全国企業の景気DI、3ヵ月連続で悪化 旅館・ホテルも減に

  • 2020年1月30日

 帝国データバンクはこのほど、全国企業対象の景気動向調査の昨年12月分を公表した。同月の景気DI(0~100、50が判断の分かれ目)は前月比1.1ポイント減の42.5と、3カ月連続で悪化した。「国内景気は一部で好材料もあるものの、後退局面に入っているとみられる」(同社)。業種別では旅館・ホテルが同2.9ポイント減の39.1と、2カ月ぶりに悪化した。

 10の業界別では9業界が悪化。
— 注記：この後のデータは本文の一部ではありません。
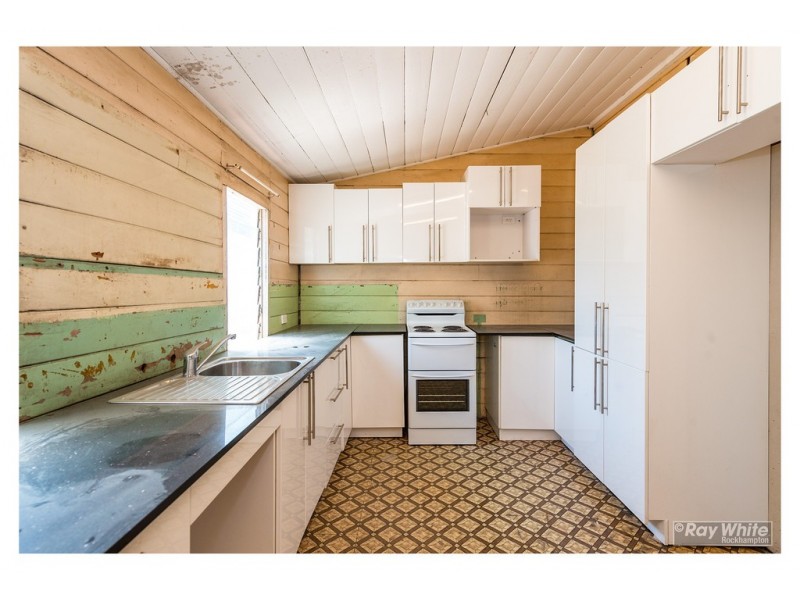 12 Ross Street, Allenstown QLD 4700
「その他」のみが好転した。

 サービスは1.6ポイント減の48.8と、3カ月連続で悪化。サービスの15業種のうち、旅館・ホテル、娯楽サービスなど13業種が悪化。飲食店(1.3ポイント増の40.7)、教育サービス(5.3ポイント増の43.1)が好転した。

 運輸・倉庫は2.5ポイント減の42.6と、2カ月ぶりに悪化。小売は0.3ポイント減の35.8と3カ月連続で悪化した。

 10の地域別では、9地域が悪化。北関東が横ばいで、好転の地域はなかった。都道府県別では36都道府県で悪化した。
 規模別では、大企業(1.3ポイント減の45.7)、中小企業(1.1ポイント減の41.7)、小規模企業(1.4ポイント減の42.1)が3カ月連続でそろって悪化した。

 景況感に関する企業の主な声は次の通り。

 「大阪は韓国からの訪日客減少の影響が大きい」(現在、悪い、旅館)。

 「当地域では寒さに向かう時期に入り込み観光客数が減る傾向にあり、売り上げが厳しい」(現在、悪い、野菜作農)。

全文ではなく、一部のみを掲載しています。